Yea my computer is somewhat the same, a lil better minus the 8600 and i cant even get one person to buy it for 300


----------



## teamhex (Oct 4, 2008)

Sell it to someone locally, I sold a $250 PC for $500 once . They were happy with it and it did what they wanted so I see nothing wrong with it.


----------



## Dystopia (Oct 6, 2008)

teamhex said:


> Sell it to someone locally, I sold a $250 PC for $500 once . They were happy with it and it did what they wanted so I see nothing wrong with it.



 you could help me out. lol if i don't sell it on ebay, then im gonna re list it here, cheaper of course.  my reserve is at 400, cuz ebay will take like 20 bucks in fee's!!


----------



## tlarkin (Oct 6, 2008)

I use Craig's list to sell my old computers.  I have them meet me in person and pay cash for it.  I list it at my set price and always say "or best offer."  I haven't had a problem selling anything just yet.

I do however, get some d-bags who want to argue price with me.  When I sold my old HP business class laptop the dude tried to tell me it was worth $150 tops (I was asking $300 for it) and gave me a link that prices out old equipment.  I went to his link and ran though the questionaire about make model and specs, and it priced it at $280 so my $300 was fair.

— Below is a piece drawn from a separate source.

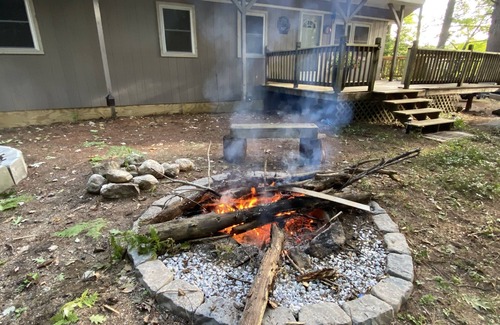 Bridgton Cabine | Cozy waterfront peaceful and private camp; new outdoor shower & family room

There will always be jerks and idiots any where you go in life and on the Internet.


----------



## Dystopia (Oct 6, 2008)

good thinking. If all else fails, I might try that. I really was hoping to get at least 450 at the time, but after recalcutlating, taking different items, i calculated 420, shipped. that minus 30 bucks i already got  so i really need $390. Hopefully ill sell it on ebay...


----------



## DirtyD86 (Oct 6, 2008)

I think you picked the wrong place to sell those, try ebay


----------



## Dystopia (Oct 7, 2008)

DirtyD86 said:


> I think you picked the wrong place to sell those, try ebay



lol thats what im doin right now, already 1 bid, 6 watchers


----------



## Dystopia (Oct 12, 2008)

Did not sell, I am reposting it again since you guys "shit all over this thread" lol jk. But I am reposting it, a few thingss have changed!


----------